Look at him as he winds through the little churchyard! The silver light that falls aslant on church and tomb, enables you to see his slim black figure, made all the slimmer by tight pantaloons, as it flits past the pale gravestones. He walks with a quick step, and is now rapping with sharp decision at the vicarage door. It is opened without delay by the nurse, cook, and housemaid, all at once—that is to say, by the robust maid-of-all-work, Nanny; and as Mr. Barton hangs up his hat in the passage, you see that a narrow face of no particular complexion—even the small-pox that has attacked it seems to have been of a mongrel, indefinite kind—with features of no particular shape, and an eye of no particular expression is surmounted by a slope of baldness gently rising from brow to crown. You judge him, rightly, to be about forty. The house is quiet, for it is half-past ten, and the children have long been gone to bed. He opens the sitting-room door, but instead of seeing his wife, as he expected, stitching with the nimblest of fingers by the light of one candle, he finds her dispensing with the light of a candle altogether. She is softly pacing up and down by the red firelight, holding in her arms little Walter, the year-old baby, who looks over her shoulder with large wide-open eyes, while the patient mother pats his back with her soft hand, and glances with a sigh at the heap of large and small stockings lying unmended on the table.
She was a lovely woman—Mrs. Amos Barton, a large, fair, gentle Madonna, with thick, close, chestnut curls beside her well-rounded cheeks, and with large, tender, short-sighted eyes. The flowing lines of her tall figure made the limpest dress look graceful, and her old frayed black silk seemed to repose on her bust and limbs with a placid elegance and sense of distinction, in strong contrast with the uneasy sense of being no fit, that seemed to express itself in the rustling of Mrs. Farquhar's gros de Naples. The caps she wore would have been pronounced, when off her head, utterly heavy and hideous—for in those days even fashionable caps were large and floppy; but surmounting her long arched neck, and mingling their borders of cheap lace and ribbon with her chestnut curls, they seemed miracles of successful millinery. Among strangers she was shy and tremulous as a girl of fifteen; she blushed crimson if any one appealed to her opinion; yet that tall, graceful, substantial presence was so imposing in its mildness, that men spoke to her with an agreeable sensation of timidity.

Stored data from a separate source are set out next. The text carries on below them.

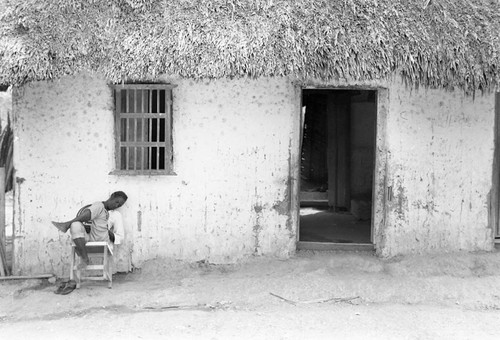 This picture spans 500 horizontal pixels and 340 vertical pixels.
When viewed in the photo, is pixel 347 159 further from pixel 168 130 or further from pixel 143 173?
pixel 143 173

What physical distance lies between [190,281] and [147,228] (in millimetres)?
959

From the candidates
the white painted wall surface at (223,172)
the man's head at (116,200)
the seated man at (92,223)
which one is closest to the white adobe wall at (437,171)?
the white painted wall surface at (223,172)

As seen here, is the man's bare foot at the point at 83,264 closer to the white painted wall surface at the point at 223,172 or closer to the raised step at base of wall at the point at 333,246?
the white painted wall surface at the point at 223,172

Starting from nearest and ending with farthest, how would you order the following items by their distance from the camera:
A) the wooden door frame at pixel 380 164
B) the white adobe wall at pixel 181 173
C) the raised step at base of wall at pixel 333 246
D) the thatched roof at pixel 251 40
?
the thatched roof at pixel 251 40, the white adobe wall at pixel 181 173, the wooden door frame at pixel 380 164, the raised step at base of wall at pixel 333 246

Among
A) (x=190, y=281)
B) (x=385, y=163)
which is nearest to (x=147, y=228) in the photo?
(x=190, y=281)

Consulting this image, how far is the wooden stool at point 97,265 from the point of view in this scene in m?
6.73

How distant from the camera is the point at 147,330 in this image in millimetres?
5543

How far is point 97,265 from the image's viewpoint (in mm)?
6801

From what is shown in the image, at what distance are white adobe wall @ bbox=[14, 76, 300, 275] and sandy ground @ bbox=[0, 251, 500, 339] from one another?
362 mm

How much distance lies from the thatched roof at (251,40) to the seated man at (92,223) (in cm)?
154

Soothing, unspeakable charm of gentle womanhood! which supersedes all acquisitions, all accomplishments. You would never have asked, at any period of Mrs. Amos Barton's life, if she sketched or played the piano. You would even perhaps have been rather scandalized if she had descended from the serene dignity of being to the assiduous unrest of doing. Happy the man, you would have thought, whose eye will rest on her in the pauses of his fireside reading—whose hot aching forehead will be soothed by the contact of her cool soft hand—who will recover himself from dejection at his mistakes and failures in the loving light of her unreproaching eyes! You would not, perhaps, have anticipated that this bliss would fall to the share of precisely such a man as Amos Barton, whom you have already surmised not to have the refined sensibilities for which you might have imagined Mrs. Barton's qualities to be destined by pre-established harmony. But I, for one, do not grudge Amos Barton this sweet wife. I have all my life had a sympathy for mongrel ungainly dogs, who are nobody's pets; and I would rather surprise one of them by a pat and a pleasant morsel, than meet the condescending advances of the loveliest Skye-terrier who has his cushion by my lady's chair. That, to be sure, is not the way of the world: if it happens to see a fellow of fine proportions and aristocratic mien, who makes no faux pas, and wins golden opinions from all sorts of men, it straightway picks out for him the loveliest of unmarried women, and says, There would be a proper match! Not at all, say I: let that successful, well-shapen, discreet and able gentleman put up with something less than the best in the matrimonial department; and let the sweet woman go to make sunshine and a soft pillow for the poor devil whose legs are not models, whose efforts are often blunders, and who in general gets more kicks than halfpence. She—the sweet woman—will like it as well; for her sublime capacity of loving will have all the more scope; and I venture to say, Mrs. Barton's nature would never have grown half so angelic if she had married the man you would perhaps have had in your eye for her—a man with sufficient income and abundant personal eclat. Besides, Amos was an affectionate husband, and, in his way, valued his wife as his best treasure.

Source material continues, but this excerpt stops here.